__Work to complete__
Using the data below, print exactly the line with "Person from behind", the line with "Woman getting head massage", and every line between them, but none of the pictures.

__Data in this exercise__

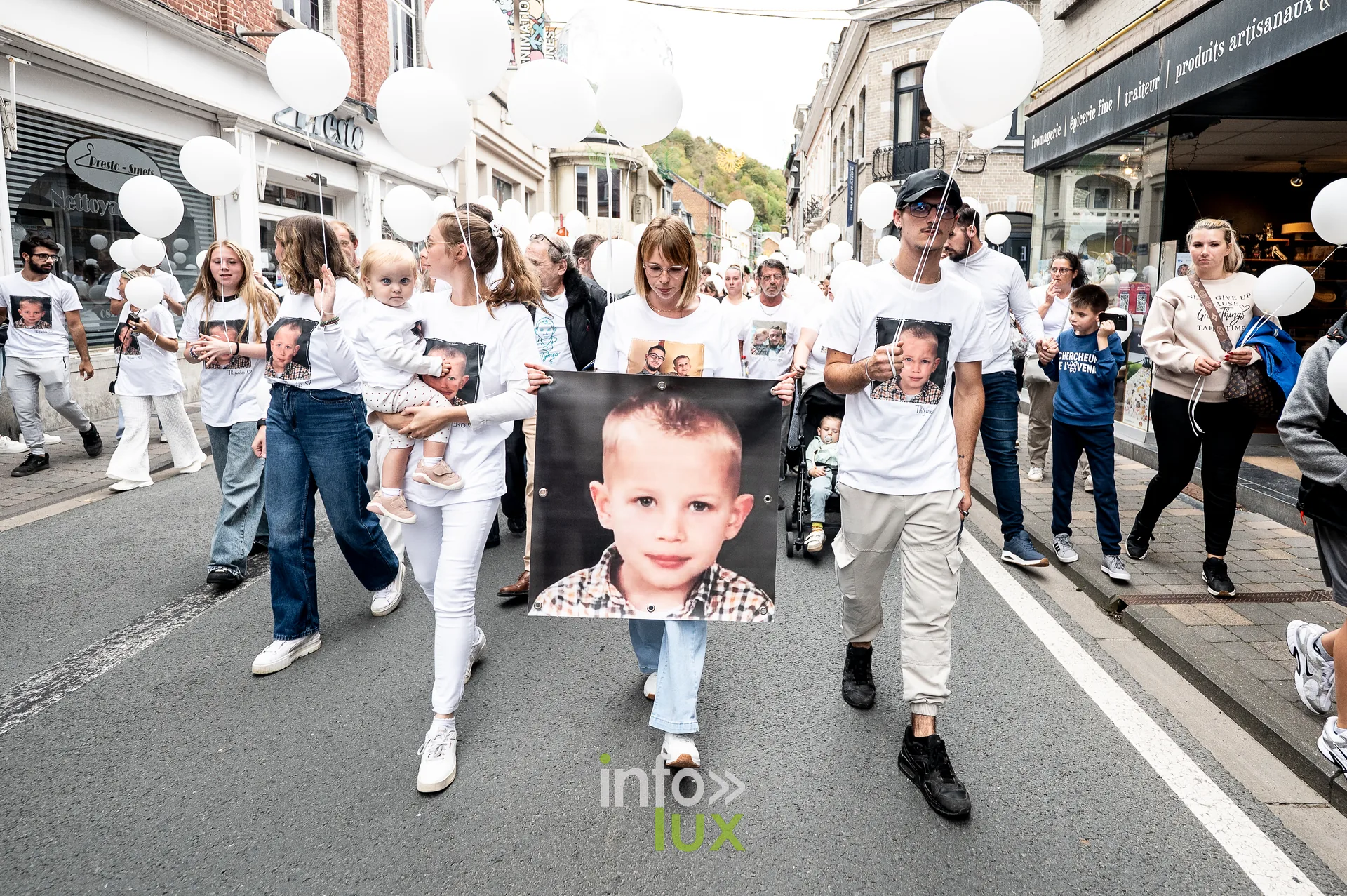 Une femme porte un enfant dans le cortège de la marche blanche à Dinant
==
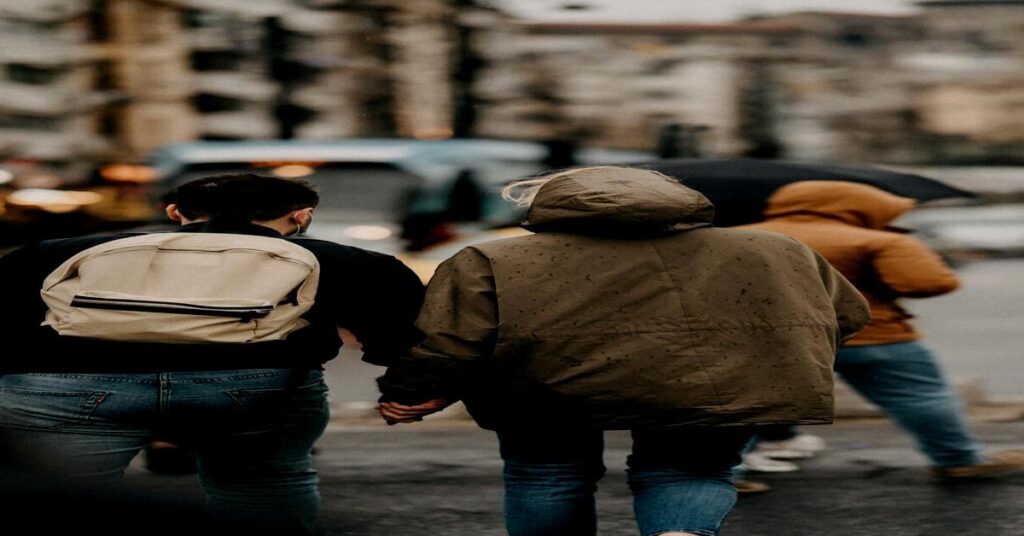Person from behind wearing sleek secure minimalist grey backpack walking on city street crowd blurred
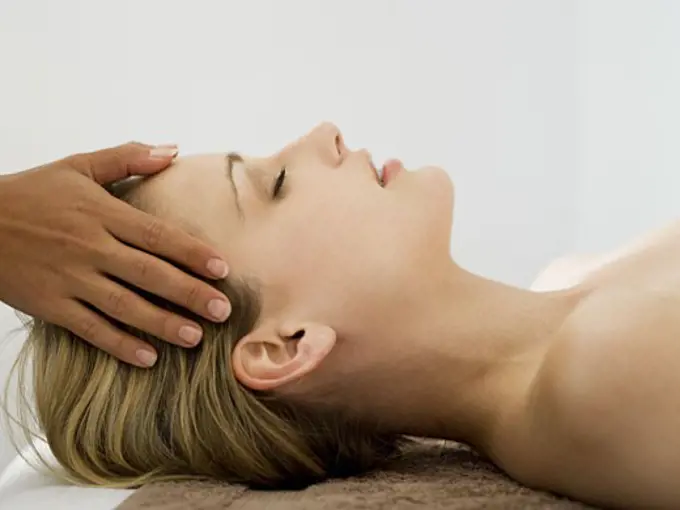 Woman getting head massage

__Solution__
Person from behind wearing sleek secure minimalist grey backpack walking on city street crowd blurred
 Woman getting head massage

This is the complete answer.